Note the key design decisions: - The plan/execute pattern separates scanning from action, enabling dry-run mode naturally. - The MoveOperation dataclass records what happened to each file, enabling undo and reporting. - The logger is injected rather than created internally, making the class testable.

Step 4: Adding Progress and Rich Output

We add a thin presentation layer that calls the engine and provides visual feedback:

def run_organize(
    directory: Path,
    strategy: str,
    dry_run: bool,
    config: dict,
    verbose: bool,
) -> int:
    """Run the file organization with progress feedback."""
    console = Console()
    logger = setup_logging(verbose=verbose)

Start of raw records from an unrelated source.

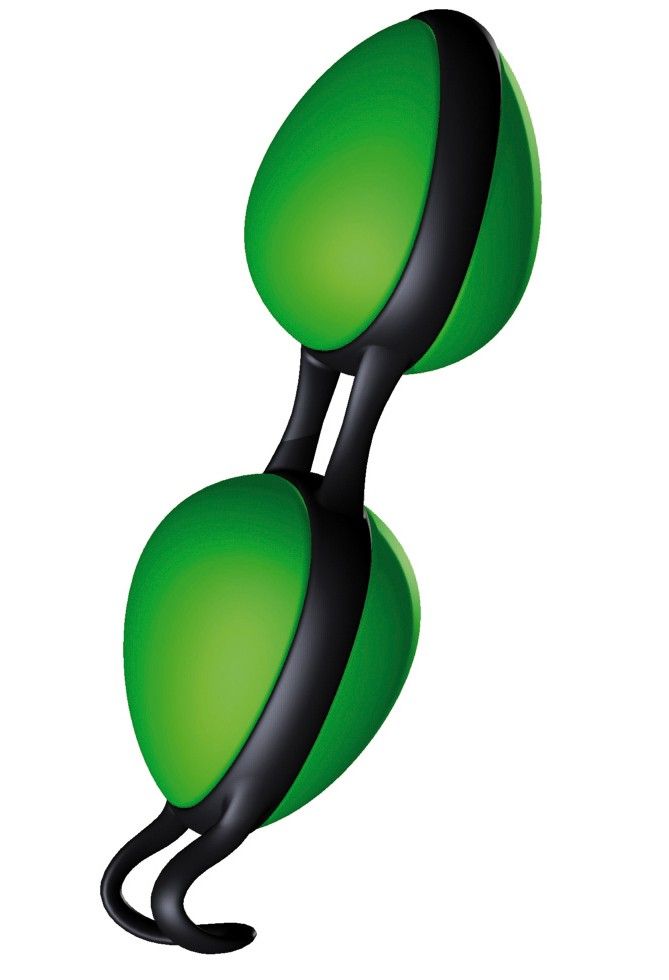 Zwei grüne, ovale Kugeln mit schwarzem Band verbunden. Schwarzer Griff. Auf weißem Hintergrund.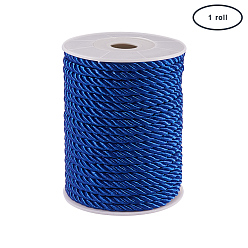 Dark Blue Polyester Cord, Twisted Cord, Dark Blue, 5mm, about 18~19yards/roll(16.4m~17.3m/roll)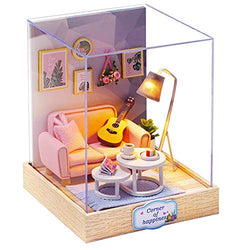 Spilay DIY Dollhouse Cute Miniature Wooden Furniture Kit ,Handmade Mini Modern Model with Dust Cover & LED,1:32 Scale Doll Room Crafts Creative Toys Best Birthday Gift for Child and Lover Friend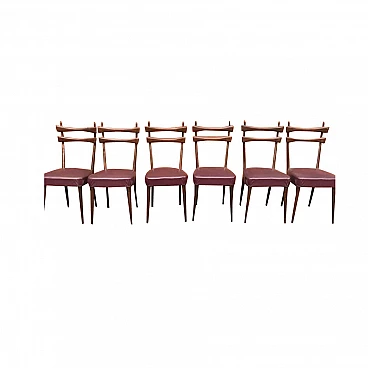 6 Beech and skai chairs, 1950s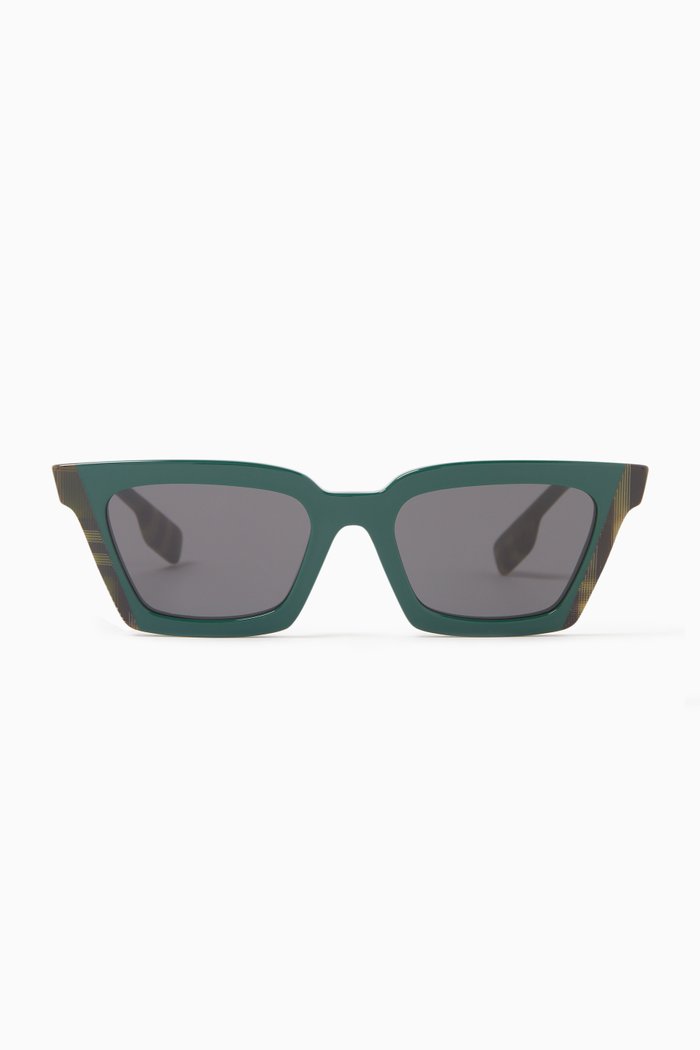 

Vintage Check Rectangular Sunglasses in Acetate, Black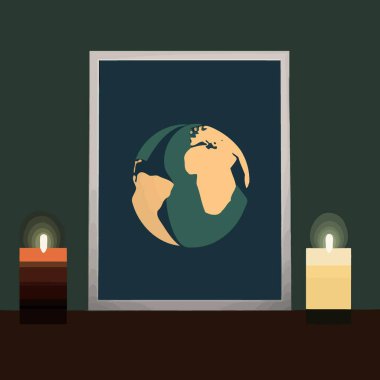 Conceptual illustration of a globe and a lit candle to represent the campaign against climate change called earth hour which asks the world to turn off the lights as a symbolic act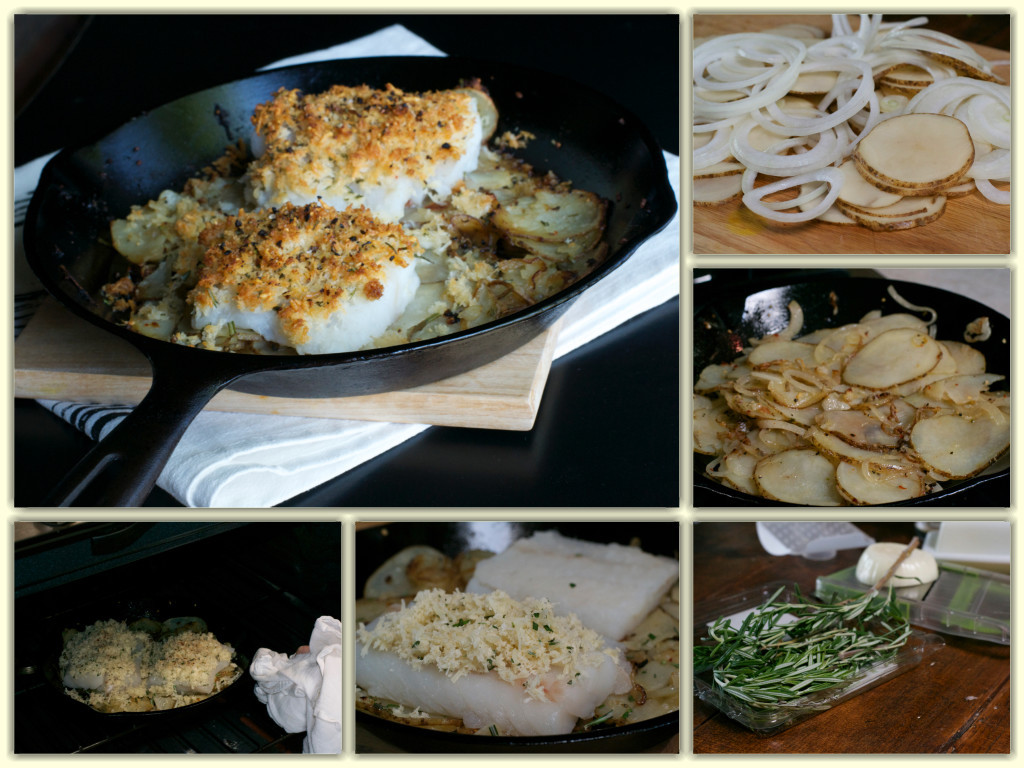 A Dinner Of Onions
 Cast Iron Cod Potatoes and ions What the Forks for Dinner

    organizer = FileOrganizer(
        source_dir=directory,
        strategy=strategy,
        custom_rules=config.get("rules", {}),
        logger=logger,
    )

    # Planning phase
    with console.status("[bold green]Scanning directory..."):
        operations = organizer.plan()

    if not operations:
        console.print("[yellow]No files to organize.[/yellow]")
        return 0

    console.print(f"Found [bold]{len(operations)}[/bold] files to organize.")

    # Show preview table
    if dry_run:
        table = Table(title="Planned Operations (Dry Run)")
        table.add_column("File", style="cyan")
        table.add_column("Destination", style="green")
        table.add_column("Category", style="magenta")
        for op in operations[:20]:  # Show first 20
            table.add_row(op.source.name, str(op.destination.parent.name), op.category)
        if len(operations) > 20:
            table.add_row("...", f"({len(operations) - 20} more)", "...")
        console.print(table)
        return 0

    # Execute with progress bar
    results = {"completed": 0, "failed": 0, "skipped": 0}
    with Progress(
        SpinnerColumn(),
        TextColumn("[bold blue]{task.description}"),
        BarColumn(),
        MofNCompleteColumn(),
        TimeElapsedColumn(),
    ) as progress:
        task = progress.add_task("Organizing files", total=len(operations))
        for op in organizer.execute():
            results[op.status] = results.get(op.status, 0) + 1
            progress.advance(task)

    # Summary
    console.print(f"\n[green]Completed: {results['completed']}[/green]  "
                  f"[red]Failed: {results['failed']}[/red]  "
                  f"[yellow]Skipped: {results['skipped']}[/yellow]")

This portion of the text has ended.